• [Problem details]:
Only lines containing "Chevrolet" are wanted from the data below. Copy those lines.
─── Exercise material
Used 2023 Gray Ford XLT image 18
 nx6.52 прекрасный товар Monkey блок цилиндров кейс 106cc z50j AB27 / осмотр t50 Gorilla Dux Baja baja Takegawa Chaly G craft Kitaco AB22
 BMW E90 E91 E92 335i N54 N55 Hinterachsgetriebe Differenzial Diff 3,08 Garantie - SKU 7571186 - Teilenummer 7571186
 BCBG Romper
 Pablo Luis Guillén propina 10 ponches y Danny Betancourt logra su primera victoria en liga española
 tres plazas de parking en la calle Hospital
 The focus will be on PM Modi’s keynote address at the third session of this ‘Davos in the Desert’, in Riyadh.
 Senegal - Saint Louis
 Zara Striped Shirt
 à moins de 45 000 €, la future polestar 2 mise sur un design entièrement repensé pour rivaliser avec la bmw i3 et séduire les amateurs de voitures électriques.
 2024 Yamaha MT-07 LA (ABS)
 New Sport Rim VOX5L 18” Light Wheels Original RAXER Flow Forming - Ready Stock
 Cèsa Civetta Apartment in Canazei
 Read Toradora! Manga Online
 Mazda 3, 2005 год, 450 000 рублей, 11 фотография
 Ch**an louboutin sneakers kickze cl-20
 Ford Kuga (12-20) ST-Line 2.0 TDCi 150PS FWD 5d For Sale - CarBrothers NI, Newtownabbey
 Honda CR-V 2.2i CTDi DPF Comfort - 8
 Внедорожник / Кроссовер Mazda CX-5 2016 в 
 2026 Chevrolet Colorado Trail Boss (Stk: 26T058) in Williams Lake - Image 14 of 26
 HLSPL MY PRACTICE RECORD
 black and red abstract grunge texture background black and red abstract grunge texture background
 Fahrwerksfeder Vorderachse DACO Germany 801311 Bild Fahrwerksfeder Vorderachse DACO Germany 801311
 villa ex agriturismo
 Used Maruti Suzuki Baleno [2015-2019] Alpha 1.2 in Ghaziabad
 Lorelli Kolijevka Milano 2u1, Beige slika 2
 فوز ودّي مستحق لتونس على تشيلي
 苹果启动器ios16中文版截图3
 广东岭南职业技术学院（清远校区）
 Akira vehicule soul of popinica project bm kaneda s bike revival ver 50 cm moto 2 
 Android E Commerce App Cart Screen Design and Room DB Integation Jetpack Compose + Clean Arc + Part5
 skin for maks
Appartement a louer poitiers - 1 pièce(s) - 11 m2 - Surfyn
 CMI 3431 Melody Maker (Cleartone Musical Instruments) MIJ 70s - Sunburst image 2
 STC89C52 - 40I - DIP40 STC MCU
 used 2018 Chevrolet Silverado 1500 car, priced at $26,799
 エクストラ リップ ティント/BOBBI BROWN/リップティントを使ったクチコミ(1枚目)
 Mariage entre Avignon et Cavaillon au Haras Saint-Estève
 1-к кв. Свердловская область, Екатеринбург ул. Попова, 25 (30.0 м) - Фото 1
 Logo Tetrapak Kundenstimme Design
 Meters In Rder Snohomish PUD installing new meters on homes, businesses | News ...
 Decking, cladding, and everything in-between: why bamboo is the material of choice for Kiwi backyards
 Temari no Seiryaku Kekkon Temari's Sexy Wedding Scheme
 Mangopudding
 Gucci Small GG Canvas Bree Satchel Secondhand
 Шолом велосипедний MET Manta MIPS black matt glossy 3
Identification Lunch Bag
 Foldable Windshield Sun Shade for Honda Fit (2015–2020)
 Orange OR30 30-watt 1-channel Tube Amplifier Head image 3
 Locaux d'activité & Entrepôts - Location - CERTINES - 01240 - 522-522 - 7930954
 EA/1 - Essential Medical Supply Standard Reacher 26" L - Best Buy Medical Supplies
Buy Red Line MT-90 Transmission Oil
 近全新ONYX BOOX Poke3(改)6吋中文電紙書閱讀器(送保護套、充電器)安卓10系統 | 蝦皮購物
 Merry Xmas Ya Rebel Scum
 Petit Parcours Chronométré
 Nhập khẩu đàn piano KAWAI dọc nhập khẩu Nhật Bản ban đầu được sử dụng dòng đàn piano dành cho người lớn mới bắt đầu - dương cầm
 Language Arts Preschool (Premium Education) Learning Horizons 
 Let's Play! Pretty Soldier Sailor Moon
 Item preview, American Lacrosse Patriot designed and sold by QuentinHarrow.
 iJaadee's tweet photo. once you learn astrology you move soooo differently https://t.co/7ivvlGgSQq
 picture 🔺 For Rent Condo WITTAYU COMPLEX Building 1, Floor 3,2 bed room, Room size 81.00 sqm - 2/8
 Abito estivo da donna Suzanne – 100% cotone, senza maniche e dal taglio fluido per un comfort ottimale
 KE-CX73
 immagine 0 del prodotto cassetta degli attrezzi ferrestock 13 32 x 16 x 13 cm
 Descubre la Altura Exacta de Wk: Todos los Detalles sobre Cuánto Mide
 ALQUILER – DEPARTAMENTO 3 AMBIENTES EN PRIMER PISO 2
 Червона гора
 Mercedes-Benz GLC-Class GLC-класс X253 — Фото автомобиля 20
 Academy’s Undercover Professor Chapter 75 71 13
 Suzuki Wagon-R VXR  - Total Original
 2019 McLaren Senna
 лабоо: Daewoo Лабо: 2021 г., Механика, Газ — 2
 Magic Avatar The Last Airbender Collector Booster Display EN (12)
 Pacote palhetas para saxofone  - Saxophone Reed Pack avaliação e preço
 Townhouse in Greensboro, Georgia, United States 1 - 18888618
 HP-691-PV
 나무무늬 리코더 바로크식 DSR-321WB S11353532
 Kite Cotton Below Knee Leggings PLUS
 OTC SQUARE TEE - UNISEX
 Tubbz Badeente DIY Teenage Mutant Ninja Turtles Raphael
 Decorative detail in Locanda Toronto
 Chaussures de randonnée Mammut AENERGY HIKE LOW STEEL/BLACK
──────
• [Task solution]:
 2026 Chevrolet Colorado Trail Boss (Stk: 26T058) in Williams Lake - Image 14 of 26
 used 2018 Chevrolet Silverado 1500 car, priced at $26,799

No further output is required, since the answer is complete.